HDTV is a method of producing television pictures that is far sharper and clearer than that in use today. The technology has been around since the early 1980s, but its advance has been slowed by high cost. All television cameras, broadcasting equipment and home televisions will have to be replaced to watch programs in HDTV. HDTV sets sell for between $3,000 and $5,000.
To overcome the cost problem, television broadcasters and manufacturers have pushed for government subsidies. The Reagan Administration resisted such efforts, but the Bush Administration was initially sympathetic. Bush's Commerce Secretary, Robert Mosbacher, was a strong proponent of subsidies for HDTV, warning that without subsidies for U.S. companies American consumers would be dependent on foreign technology. Mosbacher was strongly supported by the Defense Department, which viewed HDTV has an indirect means of propping up the U.S. semiconductor industry. Large numbers of semiconductors are used in HDTV.
The Japanese and the Europeans were said to be far ahead of the U.S. in the race for HDTV, largely because of government subsidies. It was widely predicted that HDTV would be the biggest technological development of the 1990s. In 1988, the American Electronics Association predicted that by the end of this decade consumers would be spending $50 billion per year on HDTV equipment, most of it going to foreigners. It warned that unless a strong domestic HDTV industry developed, it would have serious repercussions for many other industries, including personal computers and industrial equipment.
In the end, the Bush Administration decided against subsidizing HDTV. This decision was less due to concerns about the efficacy of subsidies than to technical problems. It was not yet clear precisely what form HDTV technology would take and there was a fear of betting on the wrong horse. The example of video cassette recorders was much in mind. In that case, the beta system came out first and was generally considered to be superior. But ultimately the VHS system came to dominate the market. Until it became clear what the dominant form of HDTV would be, the Bush Administration decided to hold back.

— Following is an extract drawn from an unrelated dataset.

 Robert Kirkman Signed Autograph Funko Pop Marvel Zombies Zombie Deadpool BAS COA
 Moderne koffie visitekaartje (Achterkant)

It turned out to be a wise decision. Within a short time it became clear that the analog HDTV system that the Japanese and Europeans bet on was inferior to the digital system that soon became available. Had the Bush Administration instituted a subsidy program it would have backed the analog system, even though it was already obsolete. Secretary Mosbacher's top assistant even admitted to me afterward that it was a lucky thing that the subsidy program had been killed.

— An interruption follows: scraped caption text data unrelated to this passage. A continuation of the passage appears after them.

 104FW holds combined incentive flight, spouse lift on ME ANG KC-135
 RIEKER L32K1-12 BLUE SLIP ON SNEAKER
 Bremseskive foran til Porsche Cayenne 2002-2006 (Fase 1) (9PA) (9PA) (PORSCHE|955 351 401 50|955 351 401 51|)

HDTV has been a failure. As a recent Wall Street Journal article put it, "Rarely in the history of American business has there been a new technology that promised so much--and delivered so little." However, HDTV lives on. At the behest of television broadcasters and manufacturers, last December the Federal Communications Commission mandated that television stations start broadcasting HDTV next year. Whether anyone will buy an HDTV set to watch remains to be seen.